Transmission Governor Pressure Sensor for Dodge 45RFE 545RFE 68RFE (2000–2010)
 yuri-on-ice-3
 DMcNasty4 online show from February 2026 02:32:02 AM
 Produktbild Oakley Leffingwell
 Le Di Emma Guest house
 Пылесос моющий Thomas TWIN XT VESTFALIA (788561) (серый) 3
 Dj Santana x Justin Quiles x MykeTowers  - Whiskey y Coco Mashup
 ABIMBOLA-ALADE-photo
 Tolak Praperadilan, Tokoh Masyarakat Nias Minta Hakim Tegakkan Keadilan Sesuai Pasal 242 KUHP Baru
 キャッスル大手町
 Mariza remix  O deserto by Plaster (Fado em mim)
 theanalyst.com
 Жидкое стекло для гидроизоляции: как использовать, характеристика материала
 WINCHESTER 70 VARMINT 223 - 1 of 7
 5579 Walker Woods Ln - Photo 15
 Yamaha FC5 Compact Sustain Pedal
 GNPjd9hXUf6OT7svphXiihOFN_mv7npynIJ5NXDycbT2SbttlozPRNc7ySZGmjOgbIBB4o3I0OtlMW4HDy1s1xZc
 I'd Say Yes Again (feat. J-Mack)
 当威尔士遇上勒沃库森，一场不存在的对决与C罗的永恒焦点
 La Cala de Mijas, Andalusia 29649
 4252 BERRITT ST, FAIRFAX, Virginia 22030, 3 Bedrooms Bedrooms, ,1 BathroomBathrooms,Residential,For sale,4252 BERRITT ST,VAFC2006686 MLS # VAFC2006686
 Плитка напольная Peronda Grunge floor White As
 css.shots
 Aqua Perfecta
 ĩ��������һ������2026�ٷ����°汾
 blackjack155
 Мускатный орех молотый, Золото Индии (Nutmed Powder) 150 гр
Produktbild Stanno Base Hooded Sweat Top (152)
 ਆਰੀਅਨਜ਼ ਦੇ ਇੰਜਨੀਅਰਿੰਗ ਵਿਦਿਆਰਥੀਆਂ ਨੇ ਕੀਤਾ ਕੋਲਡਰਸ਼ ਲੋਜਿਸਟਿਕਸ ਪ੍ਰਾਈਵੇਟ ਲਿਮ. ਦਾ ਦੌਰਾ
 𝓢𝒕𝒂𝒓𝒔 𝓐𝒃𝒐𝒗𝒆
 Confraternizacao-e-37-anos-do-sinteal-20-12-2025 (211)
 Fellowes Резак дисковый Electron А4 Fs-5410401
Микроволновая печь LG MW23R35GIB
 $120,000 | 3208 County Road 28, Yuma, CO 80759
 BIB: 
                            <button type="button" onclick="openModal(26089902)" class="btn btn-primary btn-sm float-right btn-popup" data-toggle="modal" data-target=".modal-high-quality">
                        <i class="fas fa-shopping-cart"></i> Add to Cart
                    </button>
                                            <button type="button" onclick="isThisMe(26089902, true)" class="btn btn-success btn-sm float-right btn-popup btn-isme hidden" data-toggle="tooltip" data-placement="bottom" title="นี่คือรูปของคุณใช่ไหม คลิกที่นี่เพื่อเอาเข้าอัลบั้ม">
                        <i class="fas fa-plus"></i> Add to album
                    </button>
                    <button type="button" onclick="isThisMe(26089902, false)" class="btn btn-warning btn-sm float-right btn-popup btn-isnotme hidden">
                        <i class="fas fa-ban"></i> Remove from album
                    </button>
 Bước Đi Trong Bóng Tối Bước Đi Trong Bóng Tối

== == ==

Exercise brief - Output every record above in full, exactly as it reads.

Your solution -
Transmission Governor Pressure Sensor for Dodge 45RFE 545RFE 68RFE (2000–2010)
 yuri-on-ice-3
 DMcNasty4 online show from February 2026 02:32:02 AM
 Produktbild Oakley Leffingwell
 Le Di Emma Guest house
 Пылесос моющий Thomas TWIN XT VESTFALIA (788561) (серый) 3
 Dj Santana x Justin Quiles x MykeTowers  - Whiskey y Coco Mashup
 ABIMBOLA-ALADE-photo
 Tolak Praperadilan, Tokoh Masyarakat Nias Minta Hakim Tegakkan Keadilan Sesuai Pasal 242 KUHP Baru
 キャッスル大手町
 Mariza remix  O deserto by Plaster (Fado em mim)
 theanalyst.com
 Жидкое стекло для гидроизоляции: как использовать, характеристика материала
 WINCHESTER 70 VARMINT 223 - 1 of 7
 5579 Walker Woods Ln - Photo 15
 Yamaha FC5 Compact Sustain Pedal
 GNPjd9hXUf6OT7svphXiihOFN_mv7npynIJ5NXDycbT2SbttlozPRNc7ySZGmjOgbIBB4o3I0OtlMW4HDy1s1xZc
 I'd Say Yes Again (feat. J-Mack)
 当威尔士遇上勒沃库森，一场不存在的对决与C罗的永恒焦点
 La Cala de Mijas, Andalusia 29649
 4252 BERRITT ST, FAIRFAX, Virginia 22030, 3 Bedrooms Bedrooms, ,1 BathroomBathrooms,Residential,For sale,4252 BERRITT ST,VAFC2006686 MLS # VAFC2006686
 Плитка напольная Peronda Grunge floor White As
 css.shots
 Aqua Perfecta
 ĩ��������һ������2026�ٷ����°汾
 blackjack155
 Мускатный орех молотый, Золото Индии (Nutmed Powder) 150 гр
Produktbild Stanno Base Hooded Sweat Top (152)
 ਆਰੀਅਨਜ਼ ਦੇ ਇੰਜਨੀਅਰਿੰਗ ਵਿਦਿਆਰਥੀਆਂ ਨੇ ਕੀਤਾ ਕੋਲਡਰਸ਼ ਲੋਜਿਸਟਿਕਸ ਪ੍ਰਾਈਵੇਟ ਲਿਮ. ਦਾ ਦੌਰਾ
 𝓢𝒕𝒂𝒓𝒔 𝓐𝒃𝒐𝒗𝒆
 Confraternizacao-e-37-anos-do-sinteal-20-12-2025 (211)
 Fellowes Резак дисковый Electron А4 Fs-5410401
Микроволновая печь LG MW23R35GIB
 $120,000 | 3208 County Road 28, Yuma, CO 80759
 BIB: 
                            <button type="button" onclick="openModal(26089902)" class="btn btn-primary btn-sm float-right btn-popup" data-toggle="modal" data-target=".modal-high-quality">
                        <i class="fas fa-shopping-cart"></i> Add to Cart
                    </button>
                                            <button type="button" onclick="isThisMe(26089902, true)" class="btn btn-success btn-sm float-right btn-popup btn-isme hidden" data-toggle="tooltip" data-placement="bottom" title="นี่คือรูปของคุณใช่ไหม คลิกที่นี่เพื่อเอาเข้าอัลบั้ม">
                        <i class="fas fa-plus"></i> Add to album
                    </button>
                    <button type="button" onclick="isThisMe(26089902, false)" class="btn btn-warning btn-sm float-right btn-popup btn-isnotme hidden">
                        <i class="fas fa-ban"></i> Remove from album
                    </button>
 Bước Đi Trong Bóng Tối Bước Đi Trong Bóng Tối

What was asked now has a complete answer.